Station: [18] Auswandererschicksale
F: Waren die Auswanderer des 19. Jahrhunderts meist nach Kalifornien gegangen, so zog es die Föhrer, die im 20. Jahrhundert die Insel verließen, hauptsächlich an die Ostküste, nach New York.
F: Exemplarisch für die erste Auswanderergeneration steht Emilie Peters, genannt „Miele Gosche“. 1847 in Nieblum geboren, heiratete sie in den 1870er Jahren einen zurückgekehrten Auswanderer. Sie bekamen ein erstes Kind und gingen dann gemeinsam nach Kalifornien. Mit ihnen auf dem Schiff waren 50 weitere Föhrer – darunter auch Mieles Bruder.
Während die Männer nach Gold suchten, bekam Miele drei weitere Kinder, wusch die Wäsche der Goldgräber und wurde dafür mit Gold bezahlt. So konnte die Familie schon nach wenigen Jahren zurückkehren.

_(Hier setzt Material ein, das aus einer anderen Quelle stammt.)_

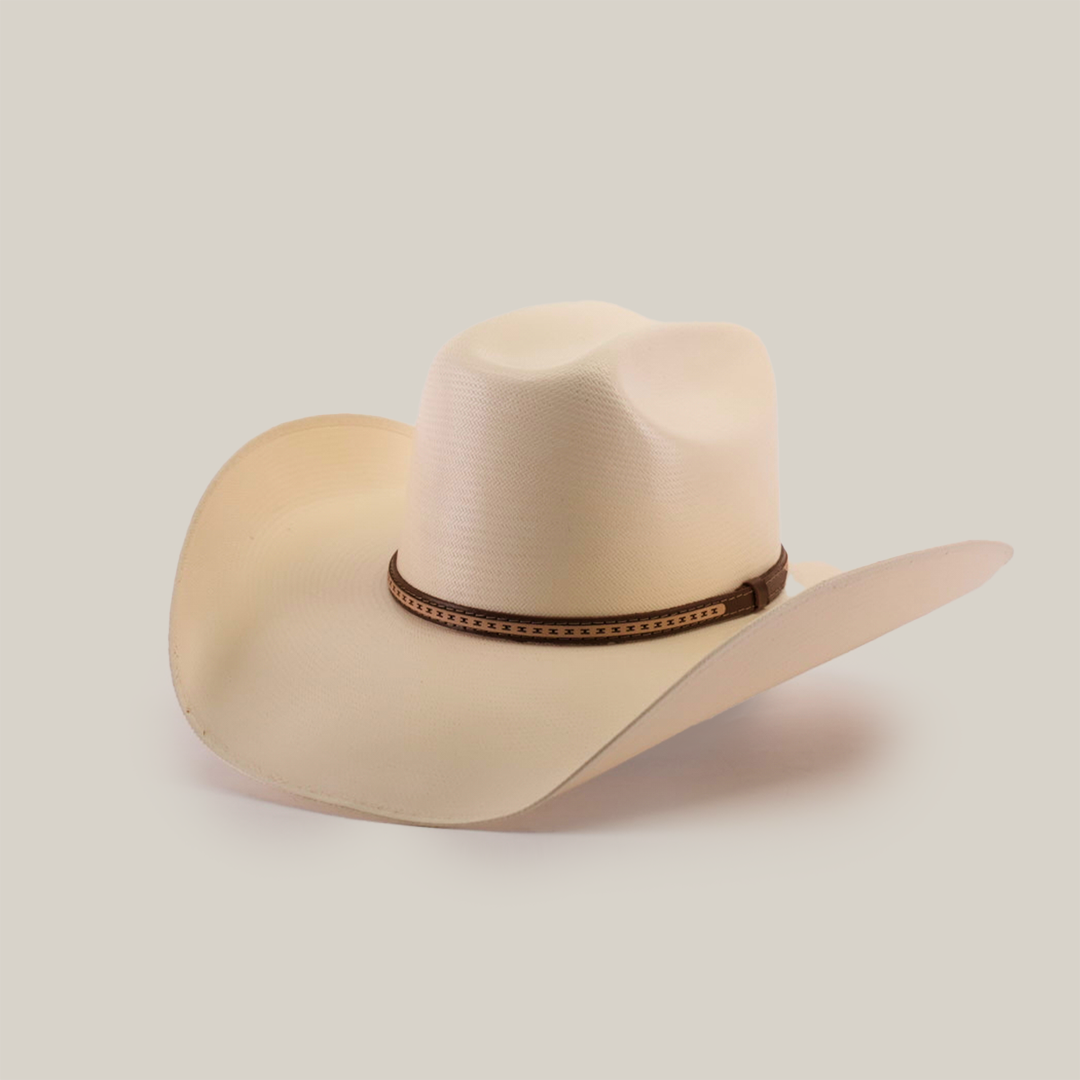 The 1000X Bull Straw Hat features a wide, curved brim and a brown decorative band, offering durability for outdoor adventures. Its light beige hue stands out against the plain white background.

Miele und ihr Mann kauften sich ein Haus in Boldixum und betrieben dort einen Laden und eine Gastwirtschaft. Sie sehen das Haus auf einem kleinen Gemälde in der Vitrine.
M: Miele Gosche überlebte ihren Mann um 47 Jahre. Sie war geschäftstüchtig und nicht auf den Mund gefallen – ein echtes Original. Eines Nachts beispielsweise, lange nach Ladenschluss, klopften ein paar Männer bei ihr und baten um einen heißen Grog. Miele, die schon im Bett gelegen und den Ofen gelöscht hatte, war nicht verlegen:
F: „Kamt man rin, ik häv noch warme Wader in de Wärmflasch.“
M: Die Auswanderer kommender Generationen gingen an die Ostküste und arbeiteten vornehmlich in den so genannten Delicatessen Stores, kurz „Delis“, in denen Feinkostwaren und vor allem Sandwiches und Salate „to go“, also zum Mitnehmen, verkauft wurden. Die Rezepte stammten oft aus ihrer alten Heimat. Neuankömmlingen wurde von bereits ausgewanderten Insulanern schnell ein Arbeitsplatz vermittelt und Englisch lernte man nebenbei, bei der Arbeit.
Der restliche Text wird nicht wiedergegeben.